Similarly, the correlations between long-short factors — like momentum and the S&P 500 in 2022 — dramatically change depending on whether they are calculated with monthly or daily return data. Does this mean we need to reevaluate all the investing research based on daily returns and test that the findings still hold true with monthly returns?
To answer this question, we analysed the S&P 500’s correlations with other markets on both a daily and monthly return basis.
Correlations using daily returns
First, we calculated the rolling three-year correlations between the S&P 500 and three foreign stock and three US bond markets based on daily returns. The correlations among European, Japanese, and emerging market equities as well as US high-yield bonds increased consistently since 1989. Why? The globalisation process of the last 30 years no doubt played a role as the world economy grew more integrated.
In contrast, US Treasury and corporate bond correlations with the S&P 500 varied across time: They were modestly positive between 1989 and 2000 but went negative thereafter. This trend, combined with positive returns from declining yields, made bonds great diversifiers for equity portfolios over the last two decades.
Correlations using monthly returns
What happens when the correlations are calculated with monthly rather than daily return data? Their range widens by a lot.
Japanese equities diverged from their US peers in the 1990s following the collapse of the Japanese stock and real estate bubbles. Emerging market stocks were less popular with US investors during the tech bubble in 2000, while US Treasuries and corporate bonds performed well when tech stocks turned bearish after that. In contrast, US corporate bonds did worse than US Treasuries during the global financial crisis (GFC) in 2008, when T-bills were one of the few safe havens.
Overall, the monthly return chart seems to more accurately reflect the history of lobal financial markets since 1989 than its daily return counterpart.
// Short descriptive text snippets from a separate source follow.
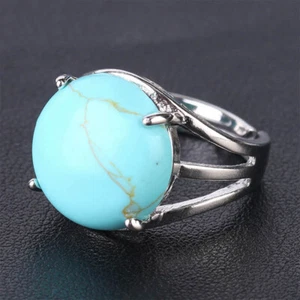 Natural Crystal Round Gemstone Open Finger Ring Adjustable Wedding Party Rings - Picture 1 of 32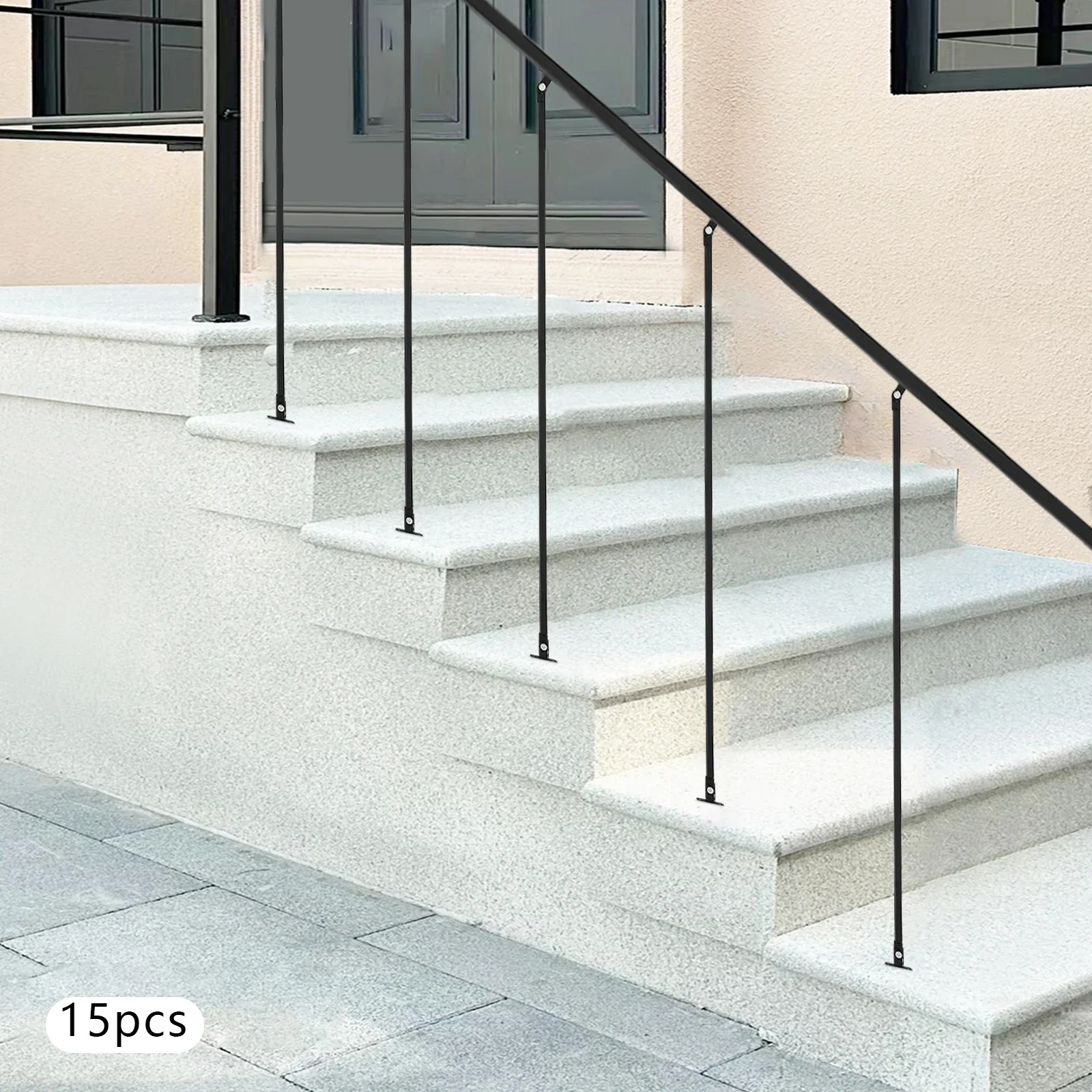 15個の黒い錬鉄製手すり子（ベース付き） |   室内階段の手すり交換部品 |   簡単なDIYで階段をアップグレード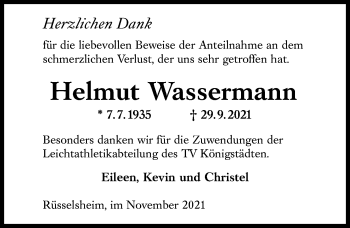 Traueranzeige von Helmut Wassermann von vrm-trauer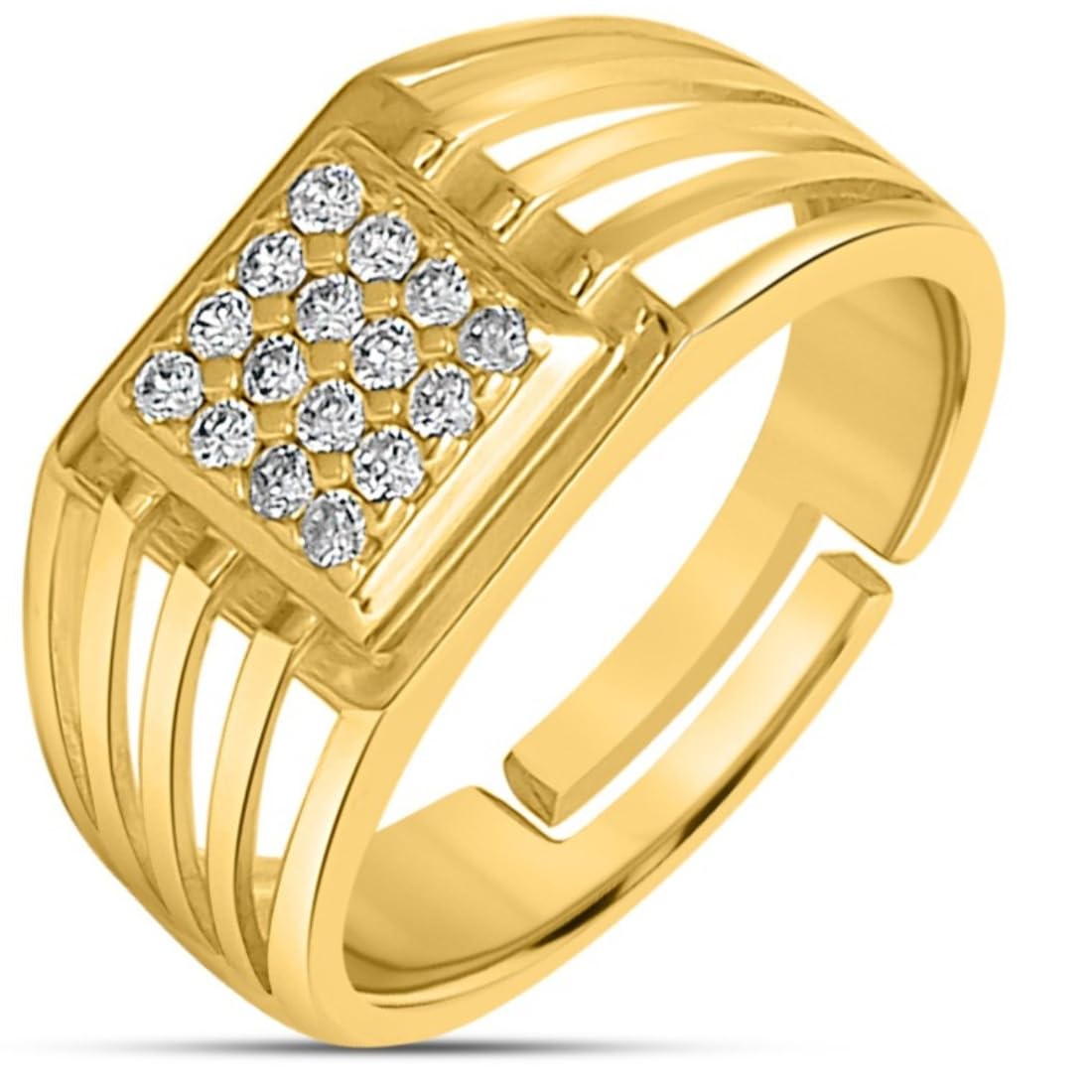 925 Sterling Silver Gold Plated CZ Men's Ring | Gift for Men & Boys | With Certificate of Authenticity and 925 Hallmark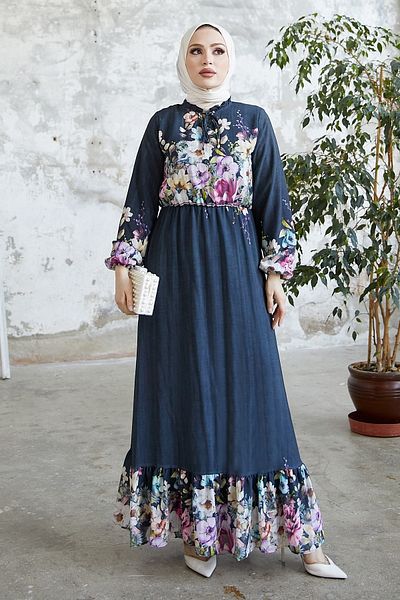 InStyle Περισσότερα Floral Jacquard Yoryo Chiffon Dress - Navy Blue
Daily versus monthly returns
According to monthly return data, the average S&P 500 correlations to the six stock and bond markets grew over the 1989 to 2022 period.
Now, diversification is the primary objective of allocations to international stocks or to certain types of bonds. But the related benefits are hard to achieve when average S&P 500 correlations are over 0.8 for both European equities and US high-yield bonds.
Finally, by calculating the minimum and maximum correlations over the last 30 years with monthly returns, we find all six foreign stock and bond markets almost perfectly correlated to the S&P 500 at certain points and therefore would have provided the same risk exposure.
But might such extreme correlations have only occurred during the few serious stock market crashes? The answer is no. US high yields had an average correlation of 0.8 to the S&P 500 since 1989. But except for the 2002 to 2004 era, when it was near zero, the correlation actually was closer to 1 for the rest of the sample period.
Financial research seeks to build true and accurate knowledge about how financial markets work. But this analysis shows that changing something as simple as the lookback frequency yields vastly conflicting perspectives. An allocation to US high-yield bonds can diversify a US equities portfolio based on daily return correlations. But monthly return data shows a much higher average correlation. So, what correlation should we trust, daily or monthly?
This question may not have one correct answer. Daily data is noisy while monthly data has far fewer data points and is thus statistically less relevant.
Given the complexity of financial markets as well as the asset management industry’s marketing efforts, which frequently trumpet equity beta in disguise as “uncorrelated returns”, investors should maintain our perennial scepticism. That means we’re probably best sticking with whatever data advises the most caution.
After all, it is better to be safe than sorry.